Considerations for performance and scalability
Consider the following performance and scalability factors when designing your data ingestion processes:
- Consider if you can avoid the need to upload large volumes of data as a discrete operation before you can begin processing it. For example, you might be able to append data to existing files in the cluster, or upload it in small batches on a schedule.
- If possible, choose or create a utility that can upload data in parallel using multiple threads to reduce upload time, and that can resume uploads that are interrupted by temporary network connectivity. Some utilities may be able to split the data into small blocks and upload multiple blocks or small files in parallel; and then combine them into larger files after they have been uploaded.
- Bottlenecks when loading data are often caused by lack of network bandwidth. Adding more threads may not improve throughput, and can cause additional latency due to the opening and closing of the connection for each item. In many cases, reusing the connection (which avoids the TCP ramp-up) is more important.

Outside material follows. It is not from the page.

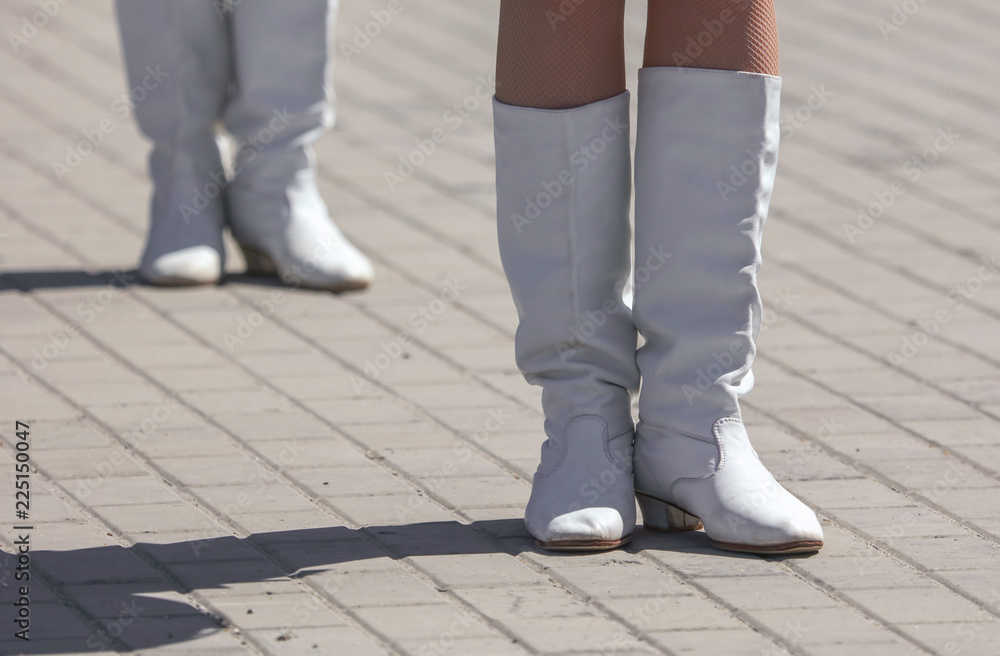 Legs of a girl in white leather boots Legs of a girl in white leather boots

- You can often reduce upload time considerably by compressing the data. If the data at the destination should be uncompressed, consider compressing it before uploading it and then decompressing it within the datacenter. Alternatively, you can use one of the HDInsight-compatible compression codecs so that the data in compressed form can be read directly by HDInsight. This can also improve the efficiency and reduce the running time of jobs that use large volumes of data. Compression may be done as a discrete operation before you upload the data, or within a custom utility as part of the upload process. For more details see Pre-processing and serializing the data.
- Consider if you can reduce the volume of data to upload by pre-processing it. For example, you may be able to remove null values or empty rows, consolidate some parts of the data, or strip out unnecessary columns and values. This should be done in staging, and you should ensure that you keep a copy of the original data in case the information it contains is required elsewhere or later. What may seem unnecessary today may turn out to be useful tomorrow.
- If you are uploading data continuously or on a schedule by appending it to existing files, consider how this may impact the query and transformation processes you execute on the data. The source data folder contents for a query in HDInsight should not be modified while a query process is running against this data. This may mean saving new data to a separate location and combining it later, or scheduling processing so that it executes only when new data is not being appended to the files.
- Choose efficient transfer protocols for uploading data, and ensure that the process can resume an interrupted upload from the point where it failed. For example, some tools such as Aspera, Signiant, and File Catalyst use UDP for the data transfer and TCP working in parallel to validate the uploaded data packages by ensuring each one is complete and has not been corrupted during the process.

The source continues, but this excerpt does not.